An abstract notion of a list of characters in a specified
order.
Encoding
The encoding of a character set
is how its characters are represented in bits and bytes.
A character set may be encoded in different
encoding forms.
7-bit Encoding
Each character is encoded in one or more bytes depending on the
size of the character set.
Each byte is 8-bit long but the first bit is set to zero, so there are
only 7 variable bits. Some bytes, reserved for other purposes,
may not be used to encode printable characters. The best known
7-bit encoded character set is ASCII, in which every character is encoded in
exactly one byte. E-mail messages are usually sent in 7-bit
encoding because 8-bit or
16-bit encoded characters may not pass
correctly through some gateways.
8-bit Encoding
Each character is encoded in one or more bytes depending on the
size of the character set.
All 8 bits are variable but some bytes, reserved for other purposes,
may not be used to encode printable characters. The vast
marjority of web pages is written in 8-bit encoding.
16-bit Encoding
Each character is encoded in one or more pairs of
bytes. Some pairs of bytes may not be be used to encode printable
characters but any byte may occur within a pair.
UTF-16, the default
transformation format
of Unicode is a 16-bit
encoding form.
Single-Byte Character Set
Each character of a SBCS is encoded in exactly one byte.

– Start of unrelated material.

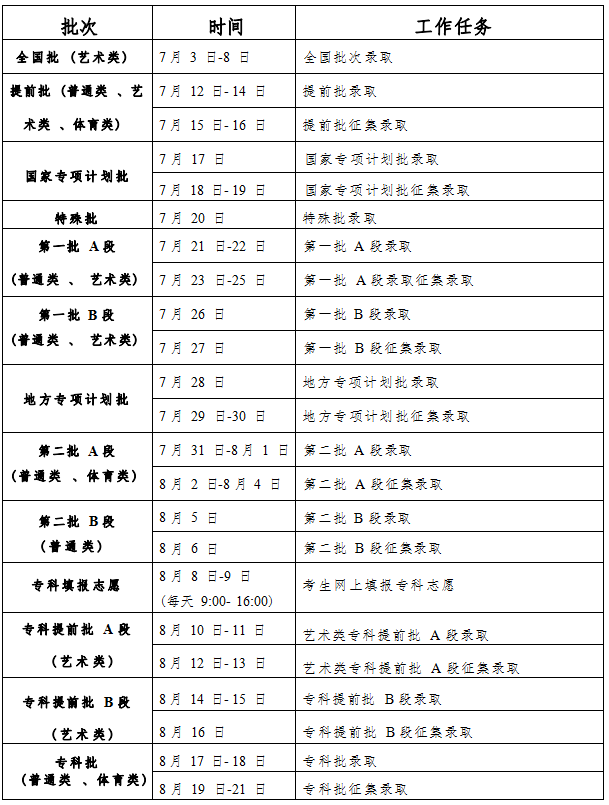 2023什么时候能看到录取结果 如何查询结果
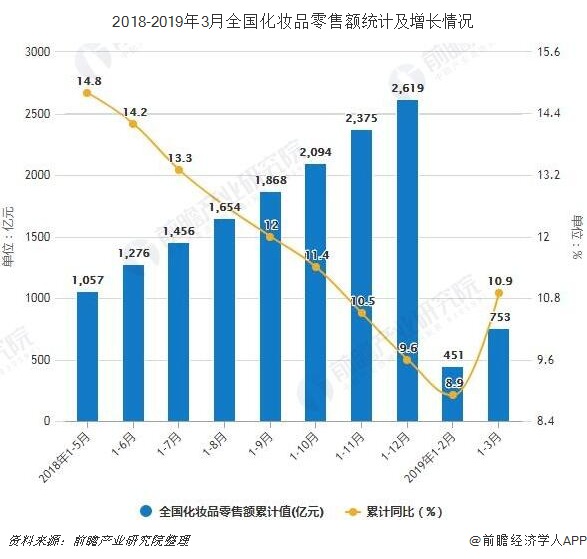 2018-2019年3月全国化妆品零售额统计及增长情况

7-bit encoded ASCII and the
8-bit encoded pre-Unicode
Western, Greek, Cyrillic etc. character sets are Single-Byte Character
Sets.
Double-Byte Character Set
A cover term for pre-Unicode CJK character sets. Each character of
a DBCS is encoded in exactly two bytes. A DBCS is always encoded
along with a 7-bit Single-Byte Character
Set such as ASCII or a
variant thereof, which results in a mixed system of double-byte and
single-byte encoded characters.
94x94 Character Set
A DBCS whose characters are
arranged in a matrix of 94 rows and 94 columns and are identified
by their row-cell numbers (Japanese
kuten,
Chinese
qu1wei4).